本研究は、国内避難民キャンプにおける性暴力対策とAPACサービスの改善に向けた政策立案と実践的介入の必要性を強調しています。
今後は、これらの問題に対するより包括的な理解と効果的な解決策の開発に向けて、さらなる研究が求められます。
はじめに
世界的な強制移住の危機
2022年末は、戦争、暴力的紛争、迫害、人権侵害により1億840万人が避難し、世界的に強制移住がかつてないほど急増しました。
これは前年比2.1%の増加を示しています。
ロシアのウクライナ侵攻は状況をさらに悪化させ、1200万人以上のウクライナ人が避難しました。
その結果、世界の約14人に1人が避難民となっています。
持続可能な解決策が避難のスピードと量に追いつくのに苦戦するなか、その場しのぎのキャンプでの一時的な宿泊が最も実現可能な選択肢となり、世界中で何千もの国内避難民キャンプが形成されています。
避難民の女性と少女
キャンプ環境では、女性と女児が避難民の大半を占めています。
このような環境では、性暴力や望まない妊娠の割合が高く、妊娠中絶が多いという特徴があります。
最近のデータによると、世界全体の望まない妊娠の約56%が中絶されており、安全でない中絶は、主に発展途上国で年間2,500万件発生していると推定されています。
人道的環境における中絶と中絶後のケア
中絶サービスの必要性は、一般的に人道的危機の際に高まります。
しかし、IDPキャンプにおける女性の実際の中絶のニーズや経験は見落とされがちであり、このような状況における中絶の普及率に関する正確な統計の入手可能性に影響を与えています。

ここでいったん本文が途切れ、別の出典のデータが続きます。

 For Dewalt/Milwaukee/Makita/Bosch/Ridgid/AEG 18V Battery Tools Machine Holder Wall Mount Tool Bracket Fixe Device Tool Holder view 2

人工妊娠中絶と人工妊娠中絶後のケア(abortion and post-abortion care: APAC)を含むリプロダクティブ・ヘルスケアは、主に2つの理由から、国内避難民キャンプでは極めて重要です:
IDPは極めて高いレベルの性暴力を経験している
避難民の若い少女や女性は、経済的な生存のために取り引き的性交をする可能性が高い
APAC利用への障壁
中絶と中絶後のケア(APAC)は、何百万人もの避難民を受け入れている国々を含め、ほとんどのサハラ以南のアフリカ(SSA)諸国では合法化されておらず、公的に承認されていません。
女性と女児がAPACにアクセスすることを妨げる障壁には、以下のようなものがあります:
農村環境におけるサービスの利用不可能性
プロバイダーが訴追を恐れていること
費用
利用可能なサービスに関する知識の欠如
スティグマ化
研究と政策の必要性
人道的環境における女性と女児に対する性暴力に関する文献は増えつつあります。
しかし、このような暴力の発生を公表し、APACサービスにアクセスすることは、キャンプ環境では依然として困難です。

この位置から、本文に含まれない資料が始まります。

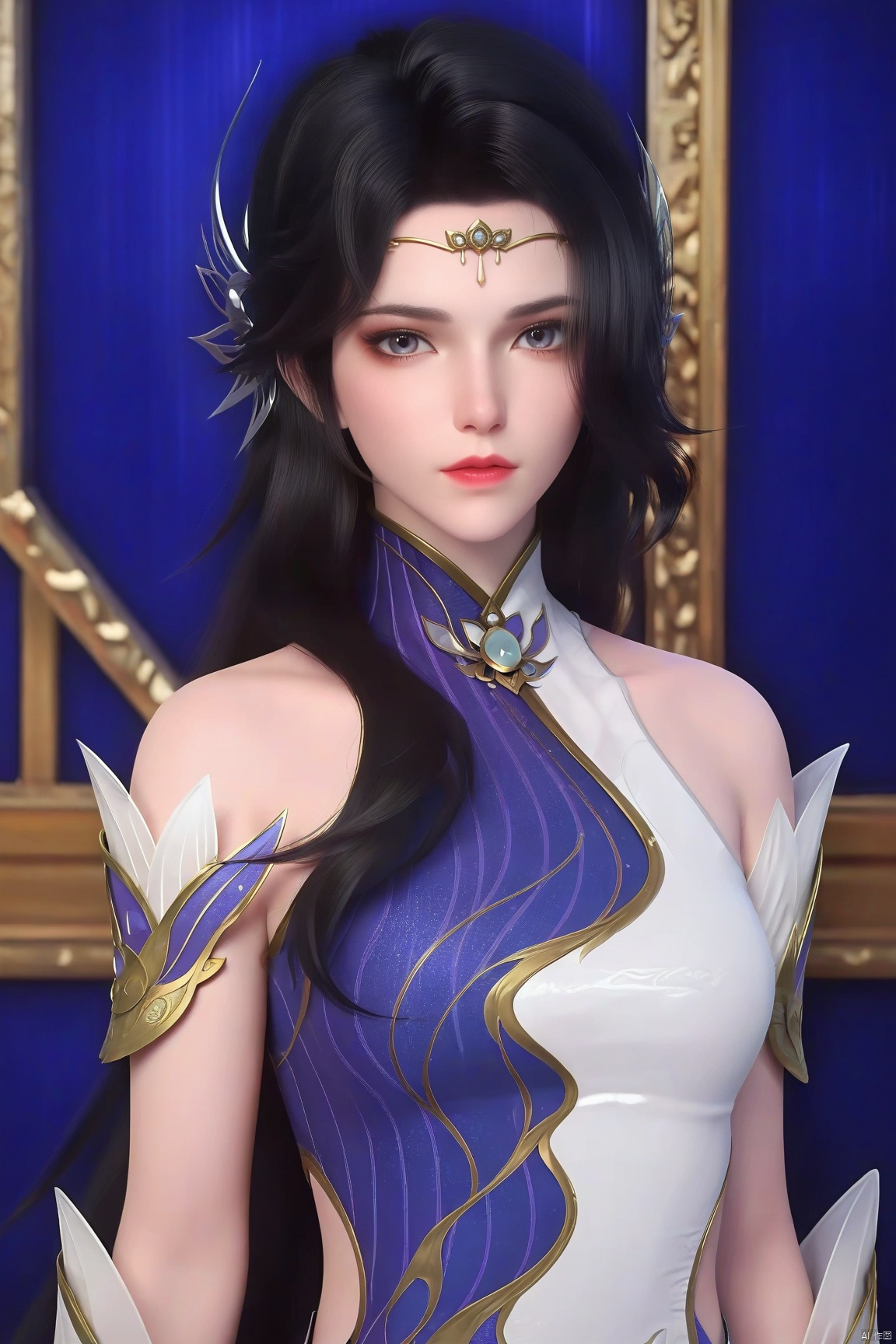 parametersscore_9,score_8_up,score_7_up,source_anime,
1girl, solo, long hair, looking at viewer, black hair, hair ornament, dress, bare shoulders, full body, shiny, expressionless,
highly detailed,ultra-high resolution,32K UHD,sharp focus,best-quality,masterpiece,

本研究は、アフリカの避難民キャンプにおける暴力、情報開示パターン、APACサービスに関するエビデンスを統合することを目的としています。
この研究は、避難民キャンプにおける性暴力の蔓延とAPACに関する知識基盤を強化し、避難民個人がこのような環境下でどのように性暴力の情報開示に対処しているかを理解するために極めて重要です。

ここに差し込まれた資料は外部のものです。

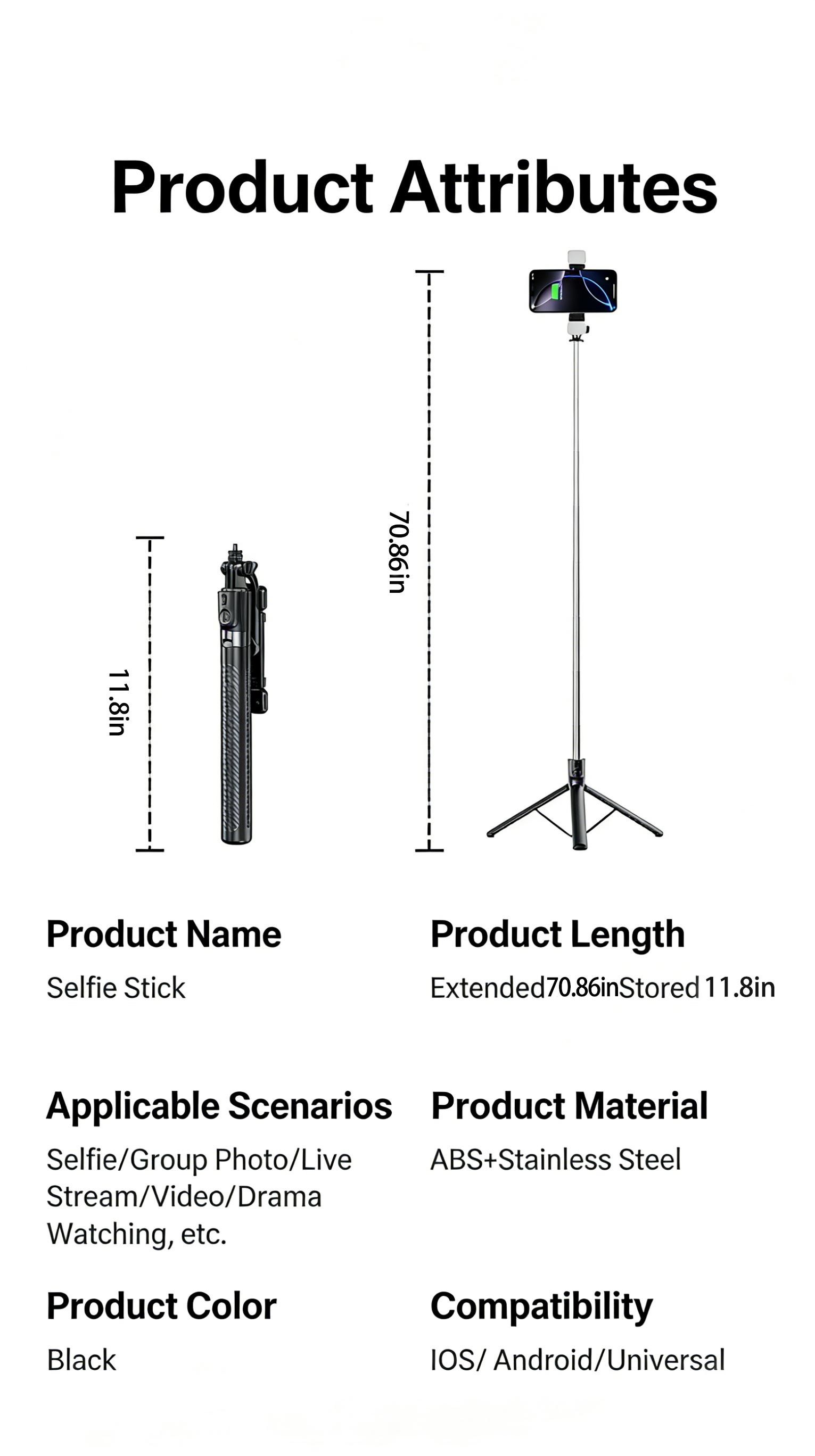70.86" telescopic Selfie Stick Tripod, 3-Axis Anti-Shake with Bluetooth Remote, Compatible with iPhone/Android/Camera for Vlog/Live Stream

アフリカの状況における国内避難民の中絶と中絶後のケアサービス(APACS)
法的規制と密かな中絶
アフリカを含むほとんどの発展途上国では、女性の命を救うためでない限り、中絶は厳しく制限されています。
このような法的状況により、妊娠を解消しようとする女性は密かに中絶に頼らざるを得ず、年間妊産婦死亡数の31%を占めています。
仕事の機会があるためアフリカの国内避難民にとって「安全な場所」と考えられているウガンダでさえ、女性は中絶医療を受ける上で大きな障壁に直面しています。
中・低所得国における調査では、中絶を必要とする女性1000人のうち、標準的な医療施設で治療を受けているのはわずか7人であることが明らかになっています。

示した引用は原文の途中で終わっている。